At very high speed, amplifiers have very low gain which makes them unsuitable for integration into devices for high speed channels, where significant gain is required to operate with the resistor networks such as is used in extracting the signal in each direction in the telephony system.
A very large number of high performance echo cancelling systems are known and many of these can provide very high levels of rejection between channels, but these need to operate at a multiple of the highest frequency in the channel: the sampling alone must be at least twice the maximum frequency in the channel that is being rejected. For high speed channels, such fast processors and their analogue to digital converters do not exist, nor can they ever exist because the signal processor needs to send data to and from memory a number of times for each sample and it is the connector of the processor to the memory that is a primary application of the present invention.
Echo cancelers have been used to minimize the effects of echo distortion in communication systems susceptible to echo systems including full-duplex, two-wire telecommunication systems. Echo cancelers in these and other systems operate by subtracting a replica of the echo of the original signal from the received signal. Examples of such apparatus is disclosed in U.S. Pat. No. 6,259,680 wherein the computational overhead associated with echo cancellation in a data communications system is reduced by utilizing symmetrical information rates at asymmetrical signal rates.
The design of a differential signalling system where both data for both directions is communicated on the same wires through time division multiplexing of the drivers is also well known, such as using tristate LYDS drivers and in RS485. Such an RS485 system provided by Maxim Integrated Products, Inc. (CA) is shown in FIG. 3, where two chips communicate across a differential channel 30, 31, each with their own electro-static discharge circuits (18, 19 and 28, 29). The transmit buffers 11, 12 (and 21, 22) may be implemented using parts such as a Maxim integrated circuit part number Maxim 3460 and Maxim 3461. Full duplex operation is provided by having multiple channels, with some channels operating in one direction and some in another, or half duplex operation is supported by using the device enable pins to put the drivers and or receivers into a high impedance state so the other side of the channel can drive the wire resource.

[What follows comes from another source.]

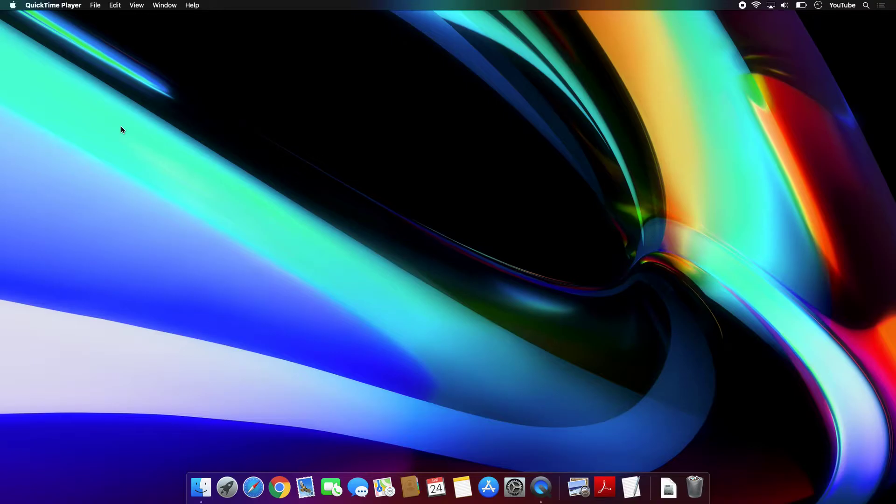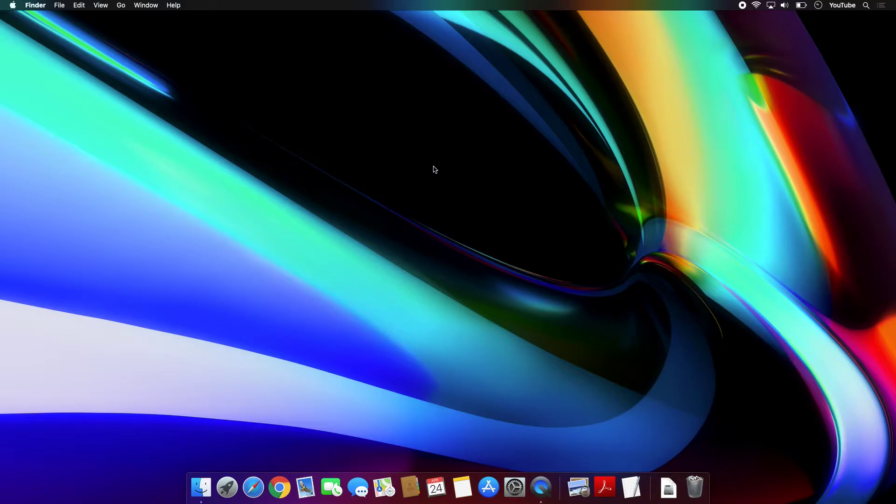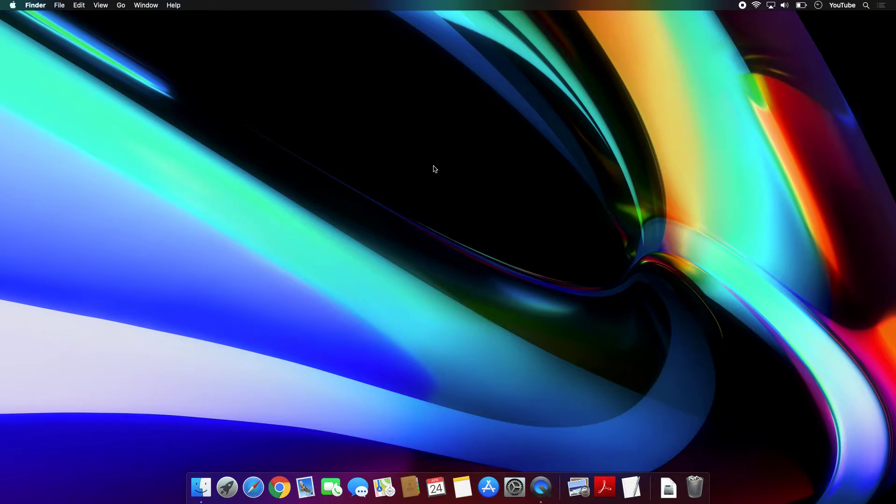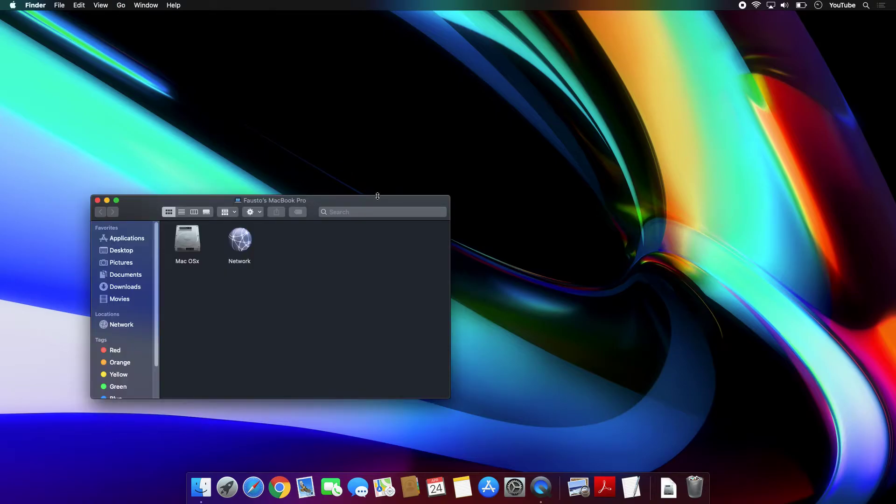It's pretty simple. Basically, you have to press the Shift key, the Command key, and the C key all together. So Shift Command C, and then that will open up this window.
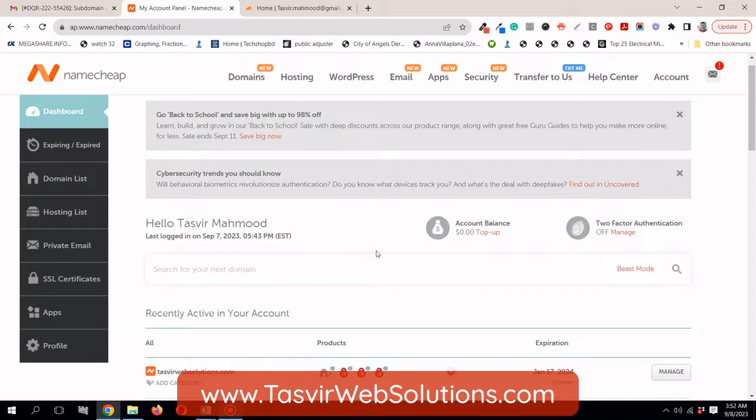In this video, I'm going to show you how you can add a subdomain using the Namecheap hosting cPanel. Recently, in 2023, there has been an update in the cPanel user interface. Now there is no subdomain option in the cPanel. But don't worry, it is quite easy to add, just slightly different.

The parts Maxim 3463 and Maxim 3464 are designed specifically for this mode of operation using time domain multiplexing of the wire resource, and is shown in Maxim data sheets as well as in very many other documents.
The data rate of such systems is much lower than for the applications contemplated here, such as at 20 MBps for the Maxim parts compared to 6 Gbps and above for the present invention, but the principles could be applied without undue difficulty by persons skilled in the art of high speed signalling at high speeds.